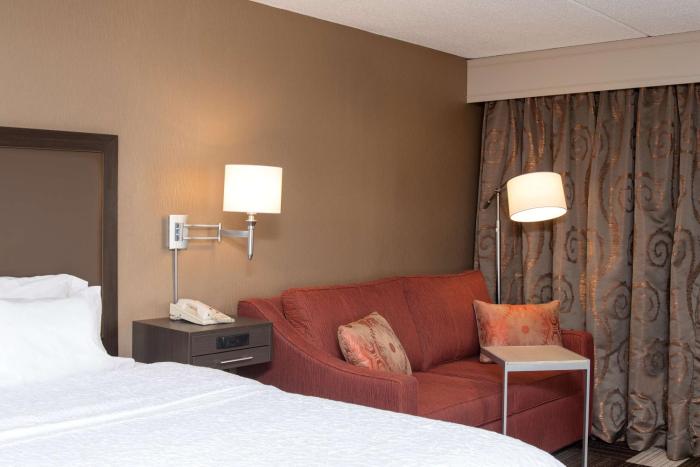 hampton inn seymour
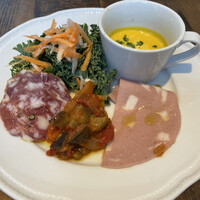 イゾラ スメラルダ - 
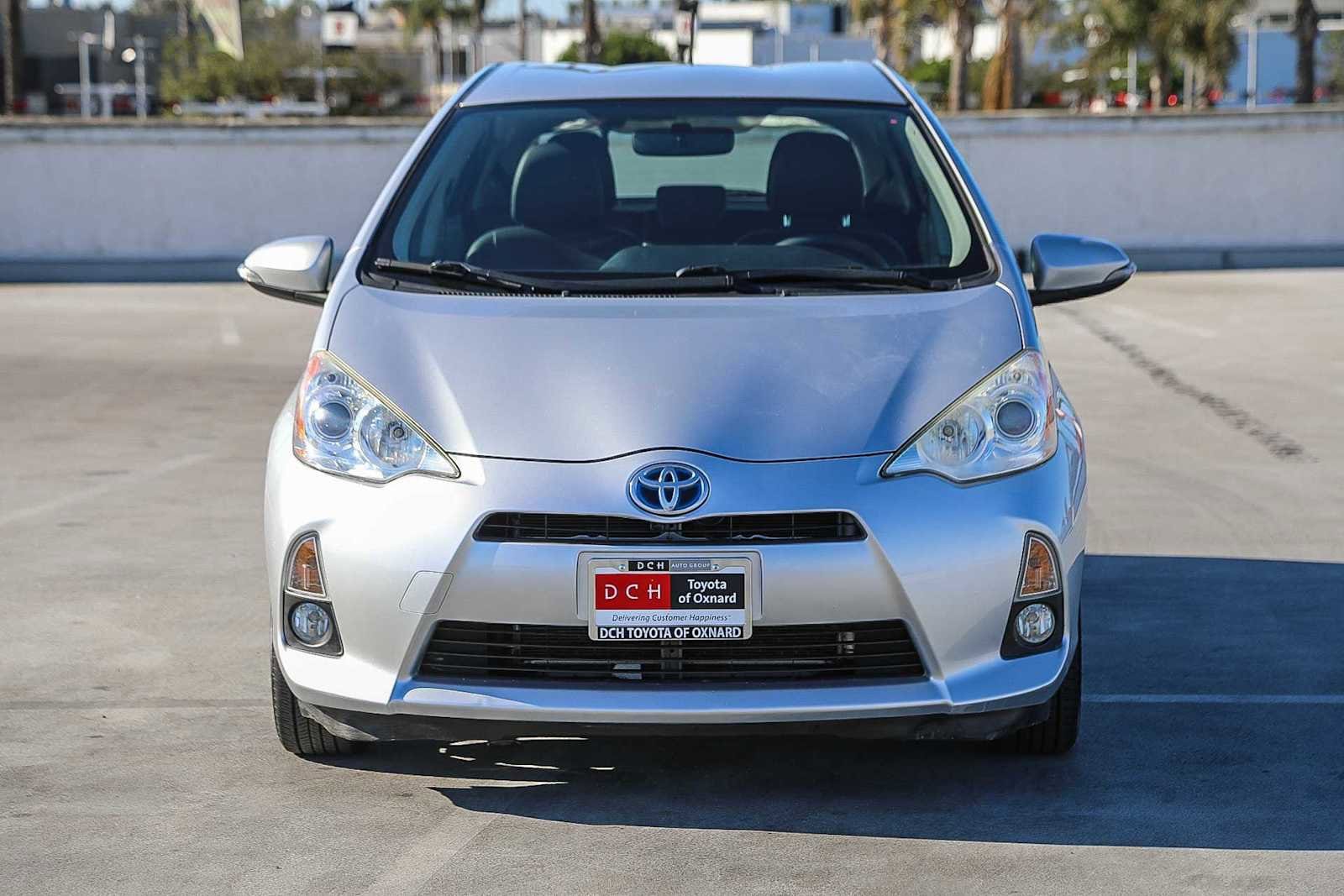 Thumbnail: 2012 Toyota Prius c - 3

Task => The answer is the whole listing above, written out verbatim, without its pictures.

Output below =>
 hampton inn seymour
 イゾラ スメラルダ - 
 Thumbnail: 2012 Toyota Prius c - 3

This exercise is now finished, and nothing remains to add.